A ilusão das redes sociais
O narcisismo, a superficialidade e o distanciamento, entre
outras características das relações virtuais, formam pessoas cada vez mais
individualistas e egoístas
Por Dulce Critelli — publicado na edição 81, de novembro de
2013
É indiscutível o importante papel que as redes sociais
desempenham hoje nos rumos de nossa vida política e privada. São indiscutíveis
também os avanços que introduziram nas comunicações, favorecendo o reencontro e
a aproximação entre as pessoas e, se forem redes profissionais, facilitando a
visibilidade e a circulação de pessoas e produtos no mercado de trabalho. A
velocidade com que elas veiculam notícias, a extensão territorial alcançada e a
imensa quantidade de pessoas que atingem simultaneamente não eram presumíveis
cerca de uma década atrás, nem mesmo pelos seus criadores. Temos sido
testemunhas, e também alvo, do seu poder de convocação e mobilização, assim
como da sua eficiência em estabelecer interesses comuns rapidamente, a ponto de
atuarem como disparadoras das várias manifestações e movimentos populares em
todo o mundo atual.
Portanto, não podemos sequer supor que elas tragam somente
meras mudanças de costumes, porque seu peso, associado ao desenvolvimento da
informática, é semelhante à introdução da imprensa, da máquina a vapor ou da
industrialização na dinâmica do nosso mundo. As redes sociais provocam mudanças
de fundo no modo como as nossas relações ocorrem, intervindo significativamente
no nosso comportamento social e político. Isso merece a nossa atenção, pois
acredito que uma característica das redes sociais é, por mais contraditório que
pareça, a implantação do isolamento como padrão para as relações humanas.

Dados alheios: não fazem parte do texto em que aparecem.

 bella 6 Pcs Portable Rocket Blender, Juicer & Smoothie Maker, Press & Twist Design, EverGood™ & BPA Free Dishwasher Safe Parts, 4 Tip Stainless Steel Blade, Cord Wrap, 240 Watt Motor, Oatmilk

Ao participar das redes sociais acreditamos ter muitos
amigos à nossa volta, sermos populares, estarmos ligados a todos os
acontecimentos e participando efetivamente de tudo. Isso é uma verdade, mas
também uma ilusão, porque essas conexões são superficiais e instáveis. Os
contatos se formam e se desfazem com imensa rapidez; os vínculos estabelecidos
são voláteis e atrelados a interesses momentâneos.
Além disso, as relações cultivadas nas redes sociais se
baseiam na virtualidade, portanto, no distanciamento físico entre as pessoas.
Isso nos permite, com facilidade, entrar em contato com as pessoas e afastá-las
quando bem quisermos. Tal virtualidade garante comunicação sem intimidade. Em
1995, quando as redes sociais nem sequer eram cogitadas, o filme americano
Denise Calls Up (Denise Está Chamando) já apresentava uma crítica às relações
estabelecidas entre as pessoas através dos recursos da época: computador,
telefone e aqueles enormes celulares. Os personagens eram alguns amigos que se
comunicavam continuamente, mas tinham muitas dificuldades e até mesmo aversão
de se encontrar pessoalmente. Também namoro e sexo aconteciam virtualmente.
Nunca me esqueci desse filme, impressionada que fiquei com a
possibilidade, hoje tão iminente, de mutações essenciais nas condições de nossa
existência. O que aconteceria conosco se não precisássemos mais da proximidade
física de uns com os outros? O que morreria em nós, se essa proximidade
deixasse de acontecer?
Quando Hannah Arendt, pensadora contemporânea da política,
analisou os totalitarismos do século passado, apontou para o projeto desses
sistemas de tornarem os homens supérfluos. Para tanto, entre outros
expedientes, mantinham as pessoas isoladas umas das outras.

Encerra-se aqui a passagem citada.